Życie jest jak teatr. Codziennie zakładamy różne maski. Do pracy najczęściej idziemy z przyklejonym uśmiechem na ustach, wracając do domu zrzucamy kurtynę i cieszymy się, że spotkamy najbliższych. Często również na różne spotkania przybieramy specyficzne maski. Nie chcemy, aby ludzie poznali nas z danej strony i gramy. Udajemy kogoś, kim nie jesteśmy. Zmyślamy fabułę naszego życia, po to, aby zaimponować innym. Niekiedy zdarza się, że taki aktor tak idealnie wchodzi w rolę, że zmienia swoje codzienne życie w to wyidealizowane.

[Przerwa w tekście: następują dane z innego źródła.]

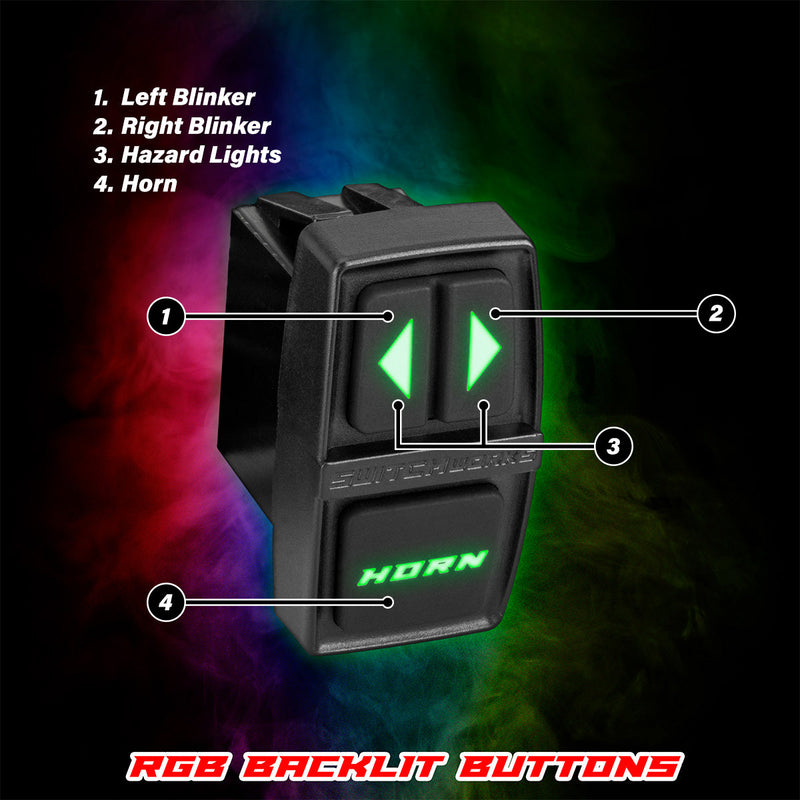 Load image into Gallery viewer, Tango2 Turn Signal Controller
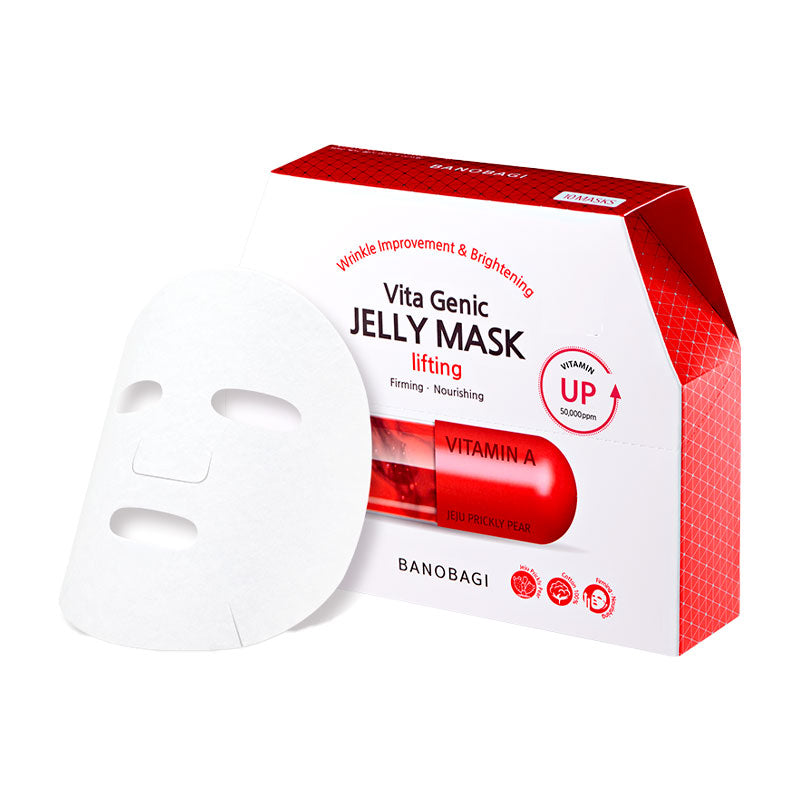 Banobagi Vita Genic Jelly Mask Lifting 30ml Banobagi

Miałam przyjemność czytać "Lokatorkę" tego Autora i przyznam szczerze, że miałam wygórowane oczekiwania odnośnie tej pozycji. O ile poprzedni thriller skradł moje serce, w tym przypadku było inaczej. Rozumiem, że specjalnie został zastosowany zabieg mieszania codzienności z grą, ale mnie to do końca nie urzekło. Doczekałam się moich ulubionych zwrotów akcji i niespodzianek w czasie lektury, jednak brakowało mi takiej jednej wielkiej, gdzie złapałabym się za głowę i powiedziała "Ale jak to?!".
"Bo jak się okazuje, jedyną rzeczą, której
nigdy nie pokazują w filmach jak należy, jest śmierć.
Ludzie nie
chwytają się za serce i nie leżą bez ruchu, żeby wokół dalej mogła się
toczyć akcja.
Ciało nie chce umierać. Poddaje się dopiero długo, długo
po tej chwili,
w której wiadomo że będzie musiało się poddać. Ciało
krwawi, drga i łapczywie chwyta powietrze. Ciało walczy jeszcze
zacieklej niż ratownicy medyczni biegnący mu na pomoc.
Ciało nie chce
się pogodzić z tym, co nieuniknione."
Jestem bardzo ciekawa jak Wy odebraliście tę pozycję. Czytaliście "Lokatorkę" i porównaliście te dwa thrillery, czy "W żywe oczy" było Waszym pierwszym spotkaniem z twórczością JP Delaney? A może lektura dopiero przed Wami?